Under the Companies Act of Japan, companies may dismiss directors at the company’s discretion, and at any time, by a resolution of a shareholders meeting.[1]

However, if a director is deemed to be an “employee,” then the Labor Contracts Act and other Japanese labor laws will apply. Under the Labor Contracts Act[2], in order to cause such directors to lose their employee status by dismissal, the dismissal must not only have objectively reasonable grounds, but must also be considered to be appropriate in general societal terms.  Any dismissal not satisfying these requirements will be invalid.  The Japanese courts would not easily accept a company’s allegations that these two requirements have been satisfied, so it would not be easy for a company to dismiss employees based on simple reasons such as ”poor performance”, etc.

Therefore, it is crucial to determine if the director in question has employee status or not. Generally, a person is considered to have employee status when that person carries out his or her work under the direction of his or her employer.  For directors in particular, a person who makes decisions regarding the execution of the business of the company is generally not considered to have employee status, while a person who does not make such decisions generally is considered to have employee status.

Representative directors are typically not regarded as employees in principle because they are ordinarily not under the direction or supervision of others, or are not restricted by others, in carrying out their duties, and also because they represent their companies both internally and externally. However, it is important to note that, for Japanese companies that are wholly-owned subsidiaries of foreign companies, representative directors often have very limited actual authority and so could be considered to have employee status.

3. Are severance payments, etc. required when causing directors to resign?

Under the Companies Act, a resolution of a shareholders meeting is required in order to pay remuneration (including retirement benefits) to directors.[3]  Even if a company has internal rules regarding retirement benefits for directors, and even if it is customary for the company to pay such retirement benefits to a resigning director, the company is not obligated to pay retirement benefits in principle, unless a resolution to such effect is adopted at a shareholders meeting.

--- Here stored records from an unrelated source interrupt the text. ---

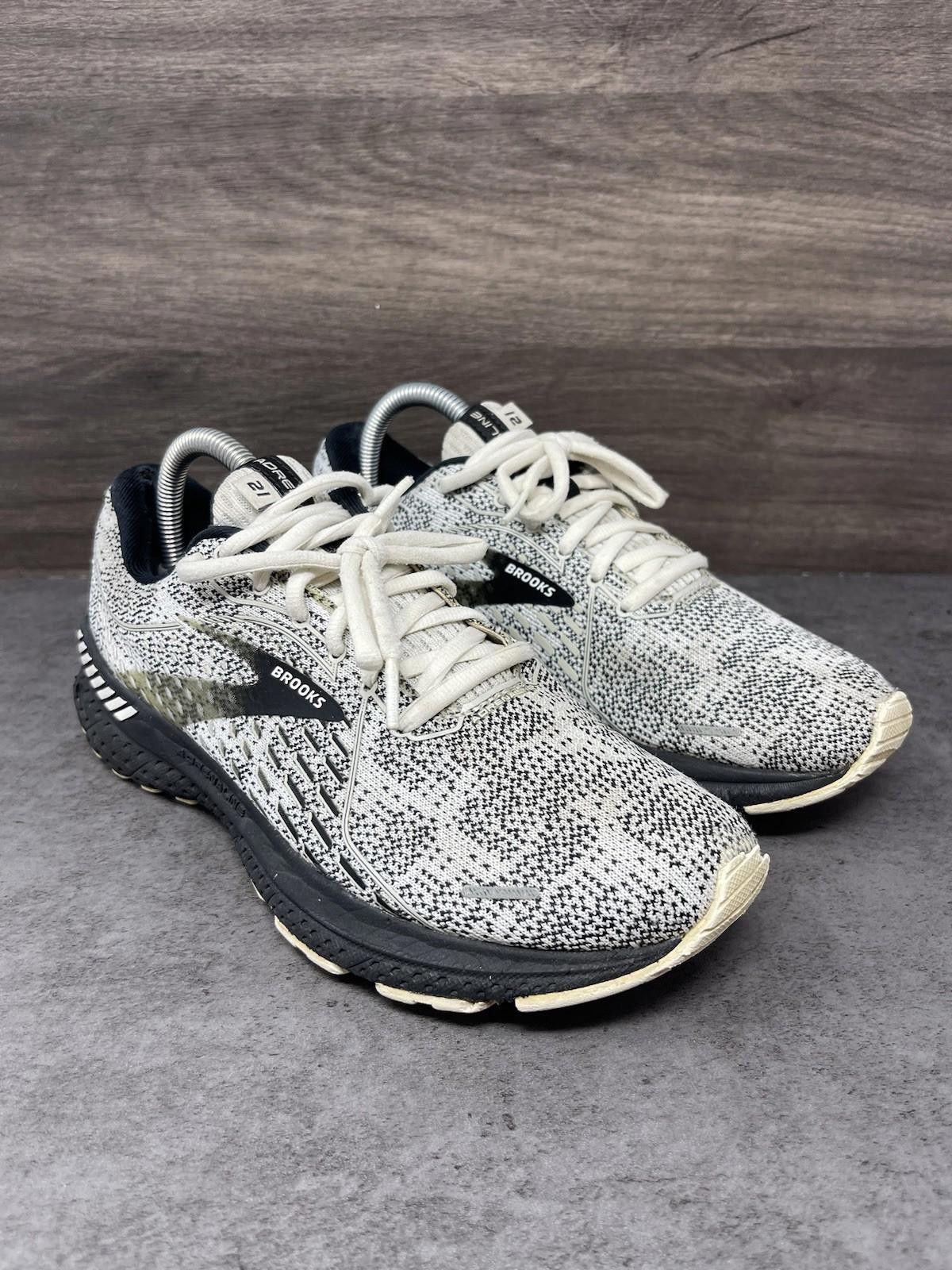 Brooks Brooks Adrenaline GTS 23 Shoes Womens Size 9 Black Size US 9 / IT 39 - 4 Thumbnail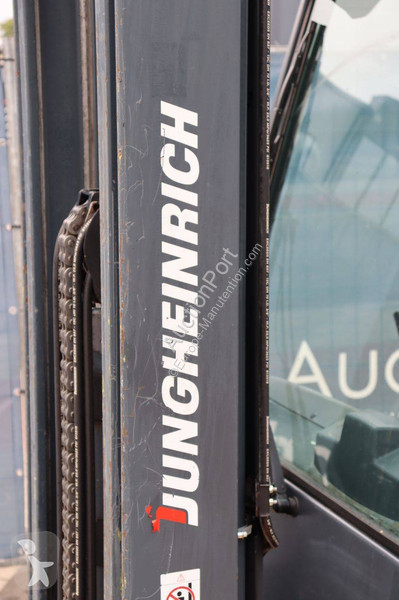 Chariot élévateur Jungheinrich 425s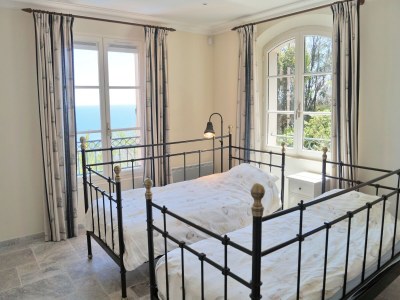 Villa Riviera Villa Near Cannes - Features photo 19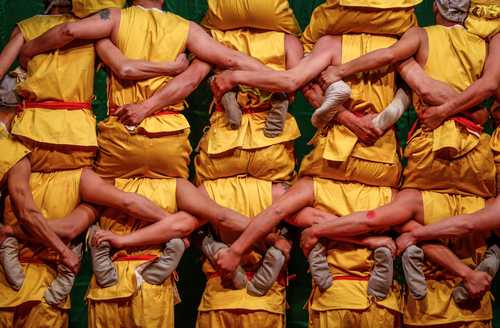 La acrobacia china es una joya de las artes escénicas tradicionales que ofrece el país asiático con una historia de más de 2 mil años. En la imagen, bailarines realizan el montaje acrobático Die Luo han, cuya principal peculiaridad es que los artistas se apilen unos sobre otros. La función fue presentada ayer en la ciudad de Huangshan.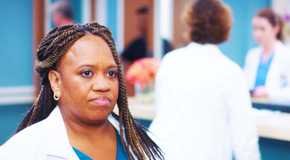 Chandra Wilson as Miranda Bailey, Kali Rocha as Sydney Heron and Adelaide Kane as Jules Millin in Grey's Anatomy season 21 episode 1-1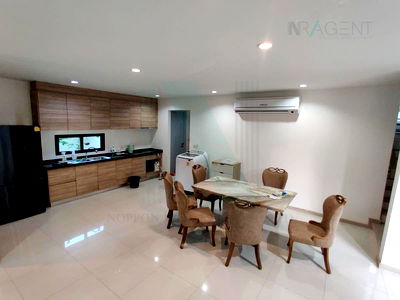 เช่าบ้านเดี่ยว ม.นานาชาติแสตมฟอร์ด : 📌 ให้เช่าบ้านเดี่ยว 3 ชั้น เอคิว อาร์เบอร์ 3 ห้องนอน 4 ห้องน้ำ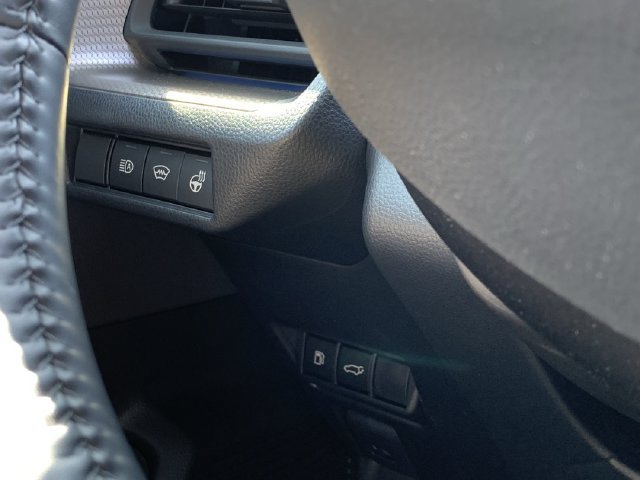 Used 2023 Toyota Prius Limited FWD image 15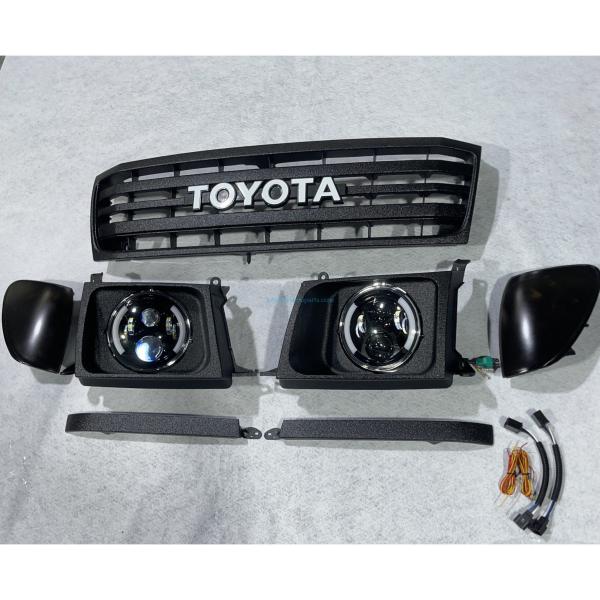 5311190A06 Toyota Land Cruise FJ62 Front Grille 1.5kg Black / White / Chrome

However, the Companies Act provides that when a director is dismissed through a resolution of a shareholders meeting, and if such dismissal lacks reasonable grounds[4], the director may claim compensation from the company for damages in the amount equivalent to his or her remuneration for the remaining term of office.[5]

The term of office of directors is two years in principle[6]; however, in the case of a stock company that is not a public company, the term of office can be extended to as long as ten years by the articles of incorporation.[7]  Therefore, companies should note that, when a company dismisses a director, the company may be obligated to pay an amount equal to the director’s remuneration for up to ten years depending upon his or her remaining term of office.

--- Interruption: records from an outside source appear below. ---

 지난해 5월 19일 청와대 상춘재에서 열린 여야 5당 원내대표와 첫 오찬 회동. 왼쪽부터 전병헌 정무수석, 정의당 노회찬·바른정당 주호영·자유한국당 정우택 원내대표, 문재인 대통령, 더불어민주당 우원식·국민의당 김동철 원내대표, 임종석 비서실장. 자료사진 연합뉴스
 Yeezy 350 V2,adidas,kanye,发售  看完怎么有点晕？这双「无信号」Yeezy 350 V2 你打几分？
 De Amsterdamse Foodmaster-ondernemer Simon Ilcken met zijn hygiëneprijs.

In addition, when a director is considered to have employee status, then the same rules of employment, retirement benefits regulations and other internal regulations that are applicable to employees will also apply to directors, and so the company may be required to pay the directors retirement benefits, etc. pursuant to such internal regulations.

4. Practical measures

When a company decides to cause a director to resign in Japan, it is common practice for the company to first negotiate and agree with the director on certain conditions (such as payment upon the director’s resignation), instead of immediately dismissing the director by a resolution of a shareholders meeting.

End

[1] Companies Act, Article 339, Paragraph 1

[2] Labor Contracts Act, Article 16

[3] Companies Act, Article 361, Paragraph 1

[4] However, the dismissal itself will be valid even if it lacks reasonable grounds.